TASK PROMPT => Please reproduce the entries below exactly as they stand, but leave the pictures out.

DATA FOR THIS EXERCISE =>
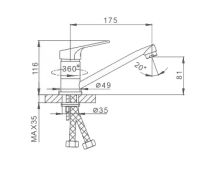 Смеситель для кухни Frap H13 F4513 Хром — фото 7, Смесители для кухни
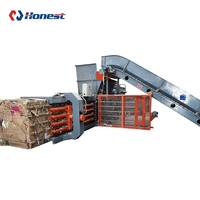 Presse à carton hydraulique horizontale automatique, machine de recyclage robuste, haute qualité et prix compétitif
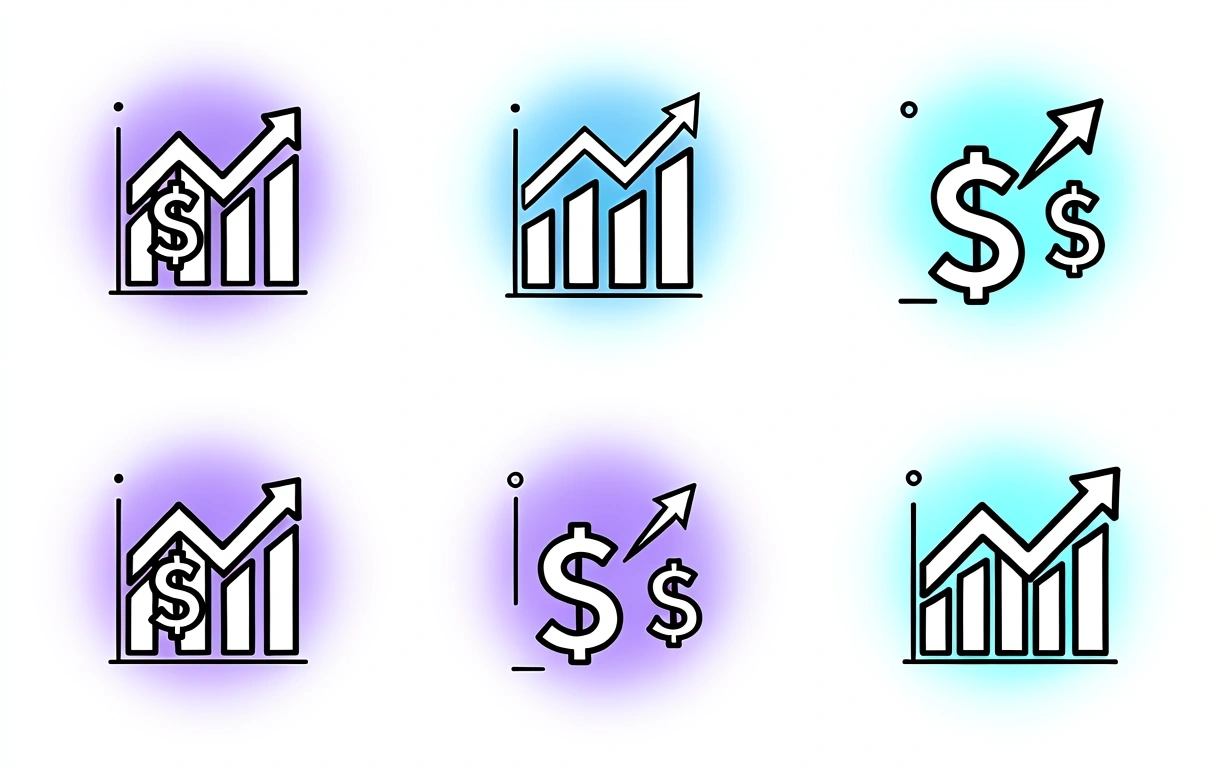 Abstract growth background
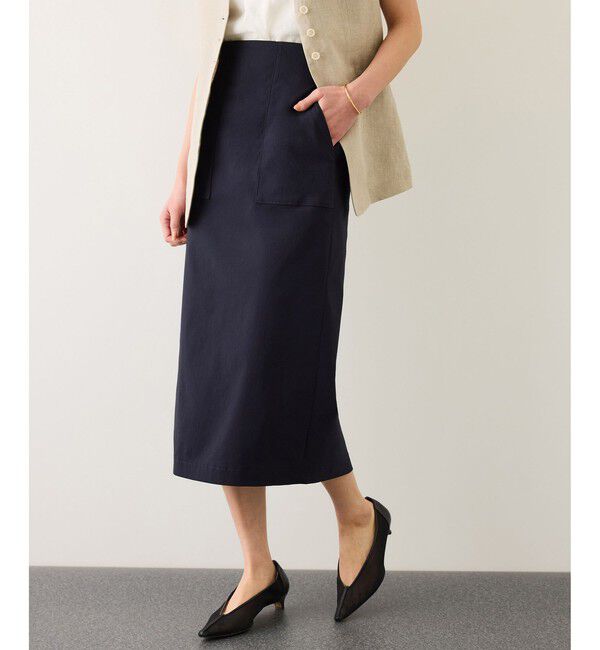 ROPE「[美人スカート]ハイストレッチポケット付きタイトスカート/26SS」|スカート|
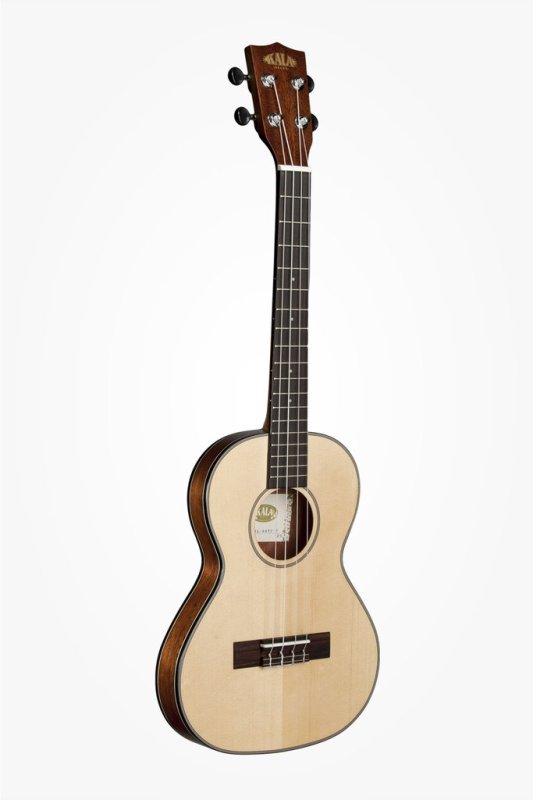 KALA - Solid Spruce Tenor Travel Ukulele With Bag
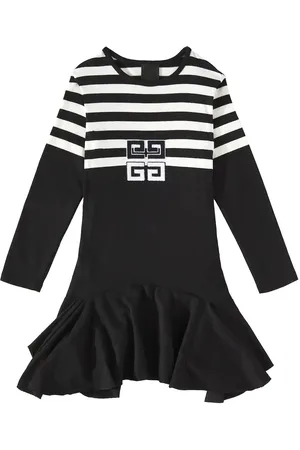 Givenchy Vestido de algodón con 4G a rayas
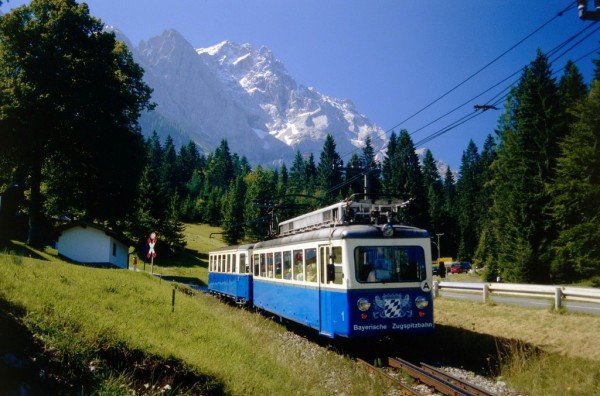 Hegyi vasút bajor módra, fotó: zugspitze.de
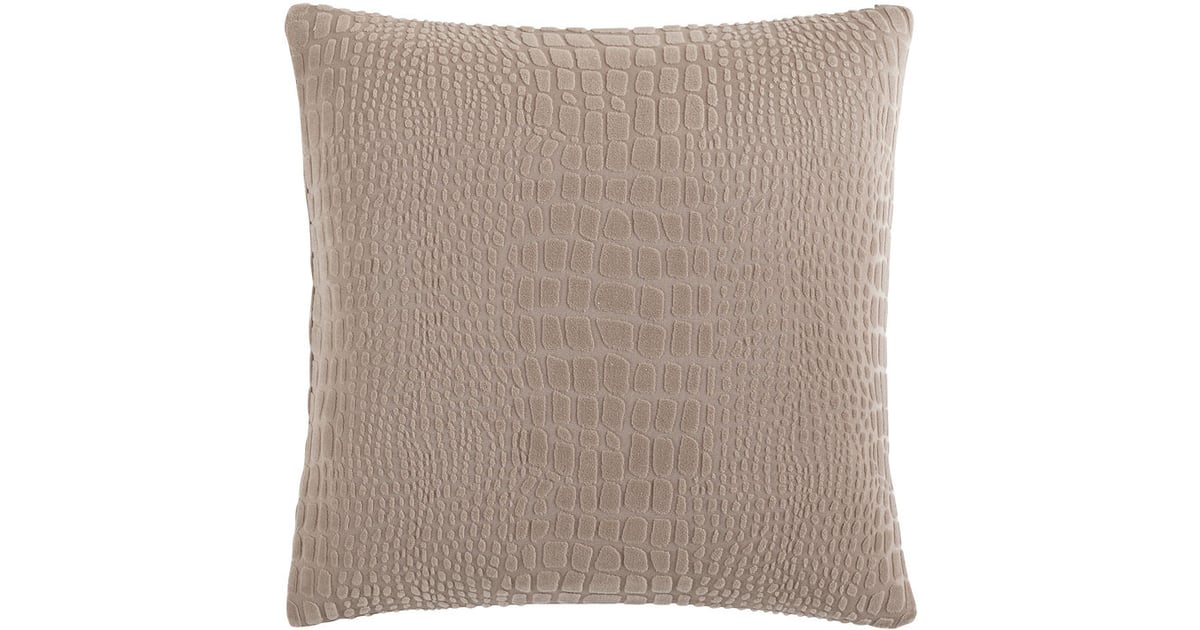 faux crocodile pillow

SOLUTION FOR THIS TASK =>
 Смеситель для кухни Frap H13 F4513 Хром — фото 7, Смесители для кухни
 Presse à carton hydraulique horizontale automatique, machine de recyclage robuste, haute qualité et prix compétitif
 Abstract growth background
 ROPE「[美人スカート]ハイストレッチポケット付きタイトスカート/26SS」|スカート|
 KALA - Solid Spruce Tenor Travel Ukulele With Bag
 Givenchy Vestido de algodón con 4G a rayas
 Hegyi vasút bajor módra, fotó: zugspitze.de
 faux crocodile pillow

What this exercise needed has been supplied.